Routine “the upstream has a new release” is NOT a bump trigger. Each bump produces a new commit + an entry in decisions/upstream_issues.md referencing the trigger; bumps do NOT supersede ADR-036 (the discipline is locked; specific versions move). Freeze expires at v2.0.0 per ADR-033 major-bump discipline.

Secrets discipline (Phase 0-08 per ADR-035)

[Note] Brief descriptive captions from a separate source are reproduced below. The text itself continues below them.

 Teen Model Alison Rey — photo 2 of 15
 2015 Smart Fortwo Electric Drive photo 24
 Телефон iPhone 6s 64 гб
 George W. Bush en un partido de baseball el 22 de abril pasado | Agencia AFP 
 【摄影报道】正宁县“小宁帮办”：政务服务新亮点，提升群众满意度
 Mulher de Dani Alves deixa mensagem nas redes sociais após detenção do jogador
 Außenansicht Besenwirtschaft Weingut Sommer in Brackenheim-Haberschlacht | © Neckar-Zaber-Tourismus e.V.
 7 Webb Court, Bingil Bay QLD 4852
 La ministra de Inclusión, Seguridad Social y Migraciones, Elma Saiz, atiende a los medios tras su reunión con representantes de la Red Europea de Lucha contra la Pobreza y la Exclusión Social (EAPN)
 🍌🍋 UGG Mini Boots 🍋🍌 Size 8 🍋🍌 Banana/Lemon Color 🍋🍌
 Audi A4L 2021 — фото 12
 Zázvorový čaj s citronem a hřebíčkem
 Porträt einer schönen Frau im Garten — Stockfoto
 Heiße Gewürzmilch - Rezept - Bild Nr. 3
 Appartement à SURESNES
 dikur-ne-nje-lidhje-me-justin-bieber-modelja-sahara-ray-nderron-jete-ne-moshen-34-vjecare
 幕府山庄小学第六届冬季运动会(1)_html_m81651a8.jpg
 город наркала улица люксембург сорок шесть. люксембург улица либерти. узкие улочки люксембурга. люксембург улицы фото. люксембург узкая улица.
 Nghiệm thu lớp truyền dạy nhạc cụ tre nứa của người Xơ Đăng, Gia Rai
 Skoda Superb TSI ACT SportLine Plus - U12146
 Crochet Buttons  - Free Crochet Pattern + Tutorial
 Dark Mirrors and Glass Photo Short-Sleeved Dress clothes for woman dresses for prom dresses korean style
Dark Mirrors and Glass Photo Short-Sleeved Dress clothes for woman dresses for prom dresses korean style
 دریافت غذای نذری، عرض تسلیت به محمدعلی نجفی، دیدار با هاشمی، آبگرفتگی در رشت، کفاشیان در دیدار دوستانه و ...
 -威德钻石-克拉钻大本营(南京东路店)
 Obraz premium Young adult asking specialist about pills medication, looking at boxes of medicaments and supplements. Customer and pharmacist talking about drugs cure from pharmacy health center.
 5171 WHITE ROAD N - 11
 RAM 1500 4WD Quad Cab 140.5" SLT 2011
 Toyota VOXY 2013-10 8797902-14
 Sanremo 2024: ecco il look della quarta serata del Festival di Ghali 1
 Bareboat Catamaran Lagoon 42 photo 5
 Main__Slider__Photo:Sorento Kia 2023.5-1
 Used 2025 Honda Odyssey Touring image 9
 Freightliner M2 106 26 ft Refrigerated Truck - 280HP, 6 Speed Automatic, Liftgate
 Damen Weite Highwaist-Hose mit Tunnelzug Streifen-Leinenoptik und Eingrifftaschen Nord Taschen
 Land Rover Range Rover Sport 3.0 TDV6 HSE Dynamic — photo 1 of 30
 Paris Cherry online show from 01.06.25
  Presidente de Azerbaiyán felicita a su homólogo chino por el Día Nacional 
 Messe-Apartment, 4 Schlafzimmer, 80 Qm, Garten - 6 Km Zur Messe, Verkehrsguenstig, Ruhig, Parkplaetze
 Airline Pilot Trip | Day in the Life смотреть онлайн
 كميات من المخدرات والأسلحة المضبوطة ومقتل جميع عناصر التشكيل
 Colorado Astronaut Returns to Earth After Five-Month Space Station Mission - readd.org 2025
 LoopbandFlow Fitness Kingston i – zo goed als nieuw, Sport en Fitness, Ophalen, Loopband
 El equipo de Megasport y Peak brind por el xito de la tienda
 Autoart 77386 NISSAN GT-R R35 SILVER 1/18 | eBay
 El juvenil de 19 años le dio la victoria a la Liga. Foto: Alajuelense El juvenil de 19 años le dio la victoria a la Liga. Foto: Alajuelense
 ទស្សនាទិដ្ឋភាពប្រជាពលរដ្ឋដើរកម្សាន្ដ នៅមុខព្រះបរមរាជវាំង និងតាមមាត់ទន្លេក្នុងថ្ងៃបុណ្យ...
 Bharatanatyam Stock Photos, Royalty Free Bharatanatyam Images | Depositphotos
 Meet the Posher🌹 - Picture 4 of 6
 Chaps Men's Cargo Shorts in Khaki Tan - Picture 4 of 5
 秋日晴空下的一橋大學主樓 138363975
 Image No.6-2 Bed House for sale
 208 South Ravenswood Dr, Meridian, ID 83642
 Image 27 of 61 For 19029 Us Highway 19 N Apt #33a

All consumer libraries (huggingface_hub, openai, anthropic, runpod-deploy CLI) discover tokens via their default env-var auto-discovery. Token storage uses a three-store split aligned with execution context — local .env (gitignored; per ADR-035) + RunPod pod-secrets via runpod-deploy config + GH Actions repo Secrets. .env.example committed at repo root as a placeholder template enumerating the four canonical env vars (HF_TOKEN + RUNPOD_API_KEY + OPENAI_API_KEY + ANTHROPIC_API_KEY). See ADR-035 for rotation protocol + preflight verification.

eval-toolkit imports (https://github.com/brandon-behring/eval-toolkit)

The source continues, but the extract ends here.